Every business has the potential to be reviewed. It doesn’t matter if you are a restaurant (most popular) or a funeral home (I’m not kidding) - If given the opportunity and the outlet, a customer will sing your praises or voice a valid concern. As more and more people rely on the opinions of others via online review sites such as Yelp, Google, and Urban Spoon, how your business is perceived on these means is important.

If you leave a review unaddressed, good or bad-it may change the opinion of future customers. There is a saying that if you have a good experience you tell a couple of people, a bad one- you tell everyone. Having the opportunity to go online and let your opinion be known before you have even left your business takes this adage to a whole new level. You need to make sure you have the good sense to address any review, good or bad. I am a little obsessed with online reviews because I have seen businesses affected by the way they are handled.

Here are some tips to make the best out of your reviews, good and bad:

1. Make sure all your sites are claimed under you as the owner. This gives you the opportunity to add pictures, fill out hours, information, areas served, etc. You can fill in additional contact information, your website and specials. It also makes you look like you have this area of your marketing plan handled. Nothing looks poorer than that unclaimed box with a question mark in it!

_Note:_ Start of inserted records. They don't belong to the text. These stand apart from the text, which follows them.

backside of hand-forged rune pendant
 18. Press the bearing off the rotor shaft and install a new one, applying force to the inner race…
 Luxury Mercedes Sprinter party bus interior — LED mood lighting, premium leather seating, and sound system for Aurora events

2. Set up Google Alerts for the name of your business and category i.e. “SBT Designs” and “Interior Design in Chicago”. Make sure you set up a search in Twitter, and check your @replies. Facebook has also recently given you an option to be notified via email each time a comment is left. You need to make sure that these are checked often, if not every day. The quicker the response, the better the outcome.

3. Time to monitor! A lot of this is organic, you can go in and check (daily) on these review sites but there are some platforms like Hootsuite that will allow you to do the searches all in one place.
Address them. Within 24 hours (hopefully). If they are good, share it on your Facebook and other social media. Make them a part of your marketing plan, add them to the testimonial portion of your blog or website. If they are bad, and it is valid-contact the reviewer as the owner, be polite and offer to rectify their time by bringing them back in on your dime. This is not the time to be argumentative. If you feel like you are going to be combative, ignore the review and move on. I promise that they if you take these steps, they will change their review and praise you for your excellent attention to customer service.

Be humble and listen to what they have to say. If there is a resounding theme, your clients are trying to tell you something.

This may seem like a lot of work, and some business owners aren’t comfortable opening up and putting themselves out there for the world to critique. I would much rather see you take the control and time to make the effort before someone does it for you.